There should be no illusions that a Hamas elections victory and its aftermath have not changed the parameters of the raging conflict: Palestinians are still as ever an occupied nation and Israel is still the occupier. Nonetheless, the Hamas takeover of power underlines – aside from the limitations of military occupation – the lack of sincerity on the part of the U.S. administration and the Israeli government in the former's "push for democracy" and the latter's boasting about its own democracy being the one and only.

 

Needless to say, having Hamas in power places both the U.S. and Israel in a terrible conundrum. The Israeli one is obvious: never before has Israel dealt with a Palestinian "partner" so decisive in its demands and objectives, and so unreceptive to bribery or intimidation. Even at the height of its "unilateral" jargon, Israel knows well that without a "moderate" Palestinian leadership, little can be achieved toward a state of security for Israel while Palestinian rights and freedoms are shamelessly denied.

 

But the Bush administration debacle, in my opinion, transcends the geographic boundaries of the Israel-Palestinian conflict to the much more far-reaching political and strategic setting in the entire Middle East, to its quandary with "political Islam" and the disgruntled "rascal multitudes" – to borrow a Chomsky term – of the Arab and Muslim world, so fractious and so eager to take charge of their own destiny – perhaps through the ballot box.

 

Indeed, the Bush administration finds itself in a greater political mess than thought possible.

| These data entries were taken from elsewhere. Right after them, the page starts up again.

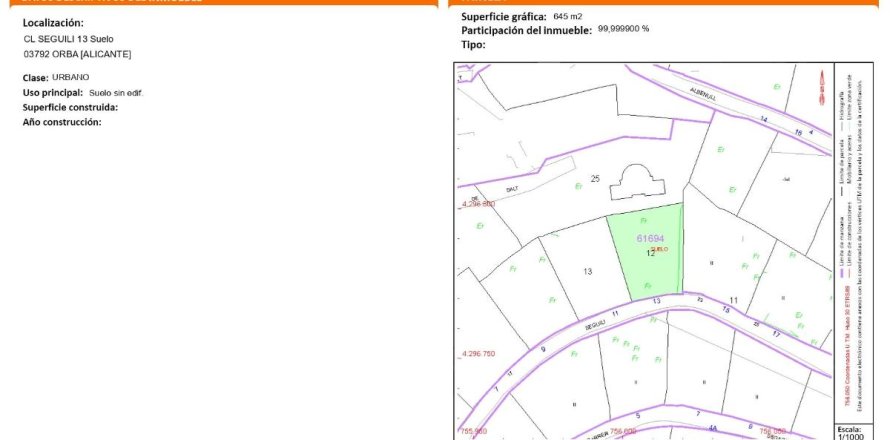 Land plot in Orba, Alicante, Spain No. 183967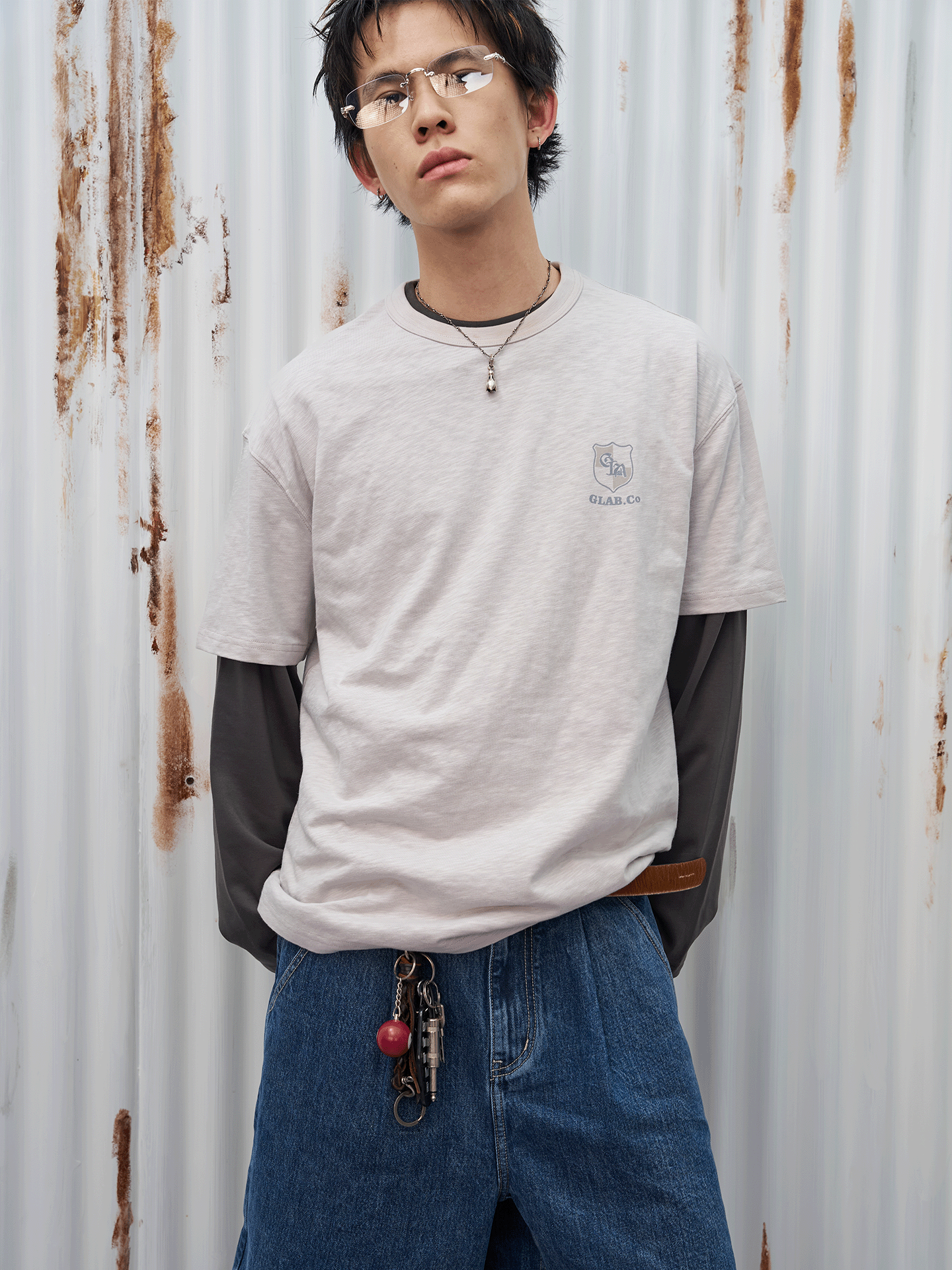 GOODLIVABLE Retro Letter Print Casual Tee
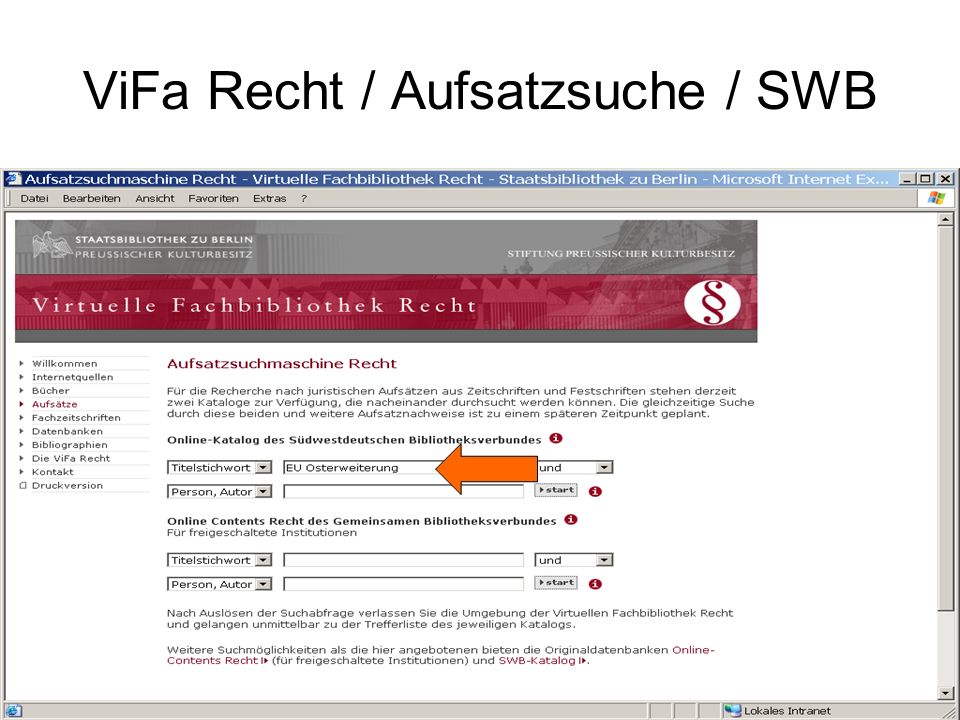 ViFa Recht / Aufsatzsuche / SWB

Weaseling its way out of its "commitment" to democracy in the Middle East is easier said than done. Every other pretext to justify U.S. imprudence in terms of foreign policy and unconditional financial and military backing of Israel – no longer the "only democracy in the Middle East" – has long been exploited if not exhausted altogether. Until an alternative policy is devised – chances are, a new U.S. doctrine dealing with unfavorable democracy outcomes in the Middle East is currently being concocted – the U.S. and Israel will resort to every form of bullying, intimidation, and pressure to completely sideline the relevance of the new Palestinian government or to "oust" Hamas, a joint plot recently leaked by U.S. media. The hope is to discredit then overthrow a Hamas-led government without having to overhaul its entire democracy project, whose demise would be much more consequential than the removal of a movement branded terrorist.

 

Only time and more media-leaked plots will reveal what is to transpire. However, the early signs – of Israel's intention to starve Palestinians through sanctions, coupled with an unequaled enthusiasm among U.S. lawmakers to punish Palestinians for electing Hamas – make the coming Israeli and U.S. foreign policy course even more predictable. While Israel sees little harm in making Palestinians a whole lot thinner as a result of its economic sanctions, the U.S.' rash response in chastising Palestinians will likely scar U.S. credibility, or whatever remains of it.